**AIM OF THE TASK**
An exact, complete copy of the entries is needed, with the pictures left out.

**INPUT MATERIAL**

━━━━━━━━

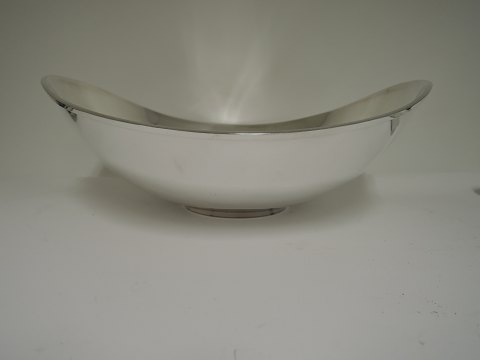 A. F Rasmussen
Sterling (925)
Oval silver bowl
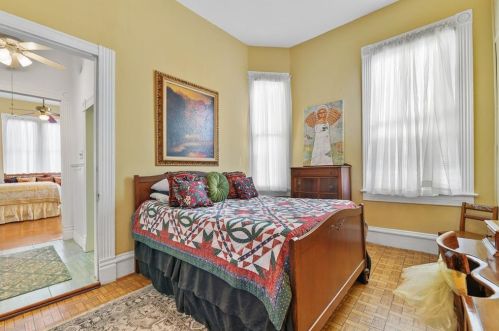 810 Winnie St, Galveston TX 77550-5133 exterior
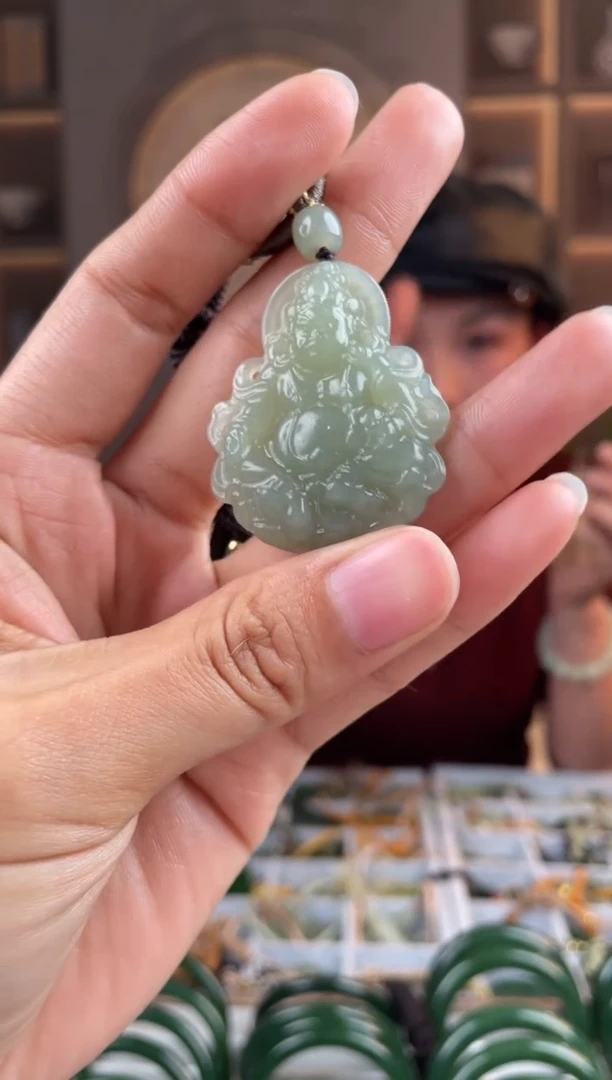 颈饰未镶嵌和田玉拍一发一，拍一发一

━━━━━━━━

**OUTPUT FOR THIS EXERCISE**
 A. F Rasmussen
Sterling (925)
Oval silver bowl
 810 Winnie St, Galveston TX 77550-5133 exterior
 颈饰未镶嵌和田玉拍一发一，拍一发一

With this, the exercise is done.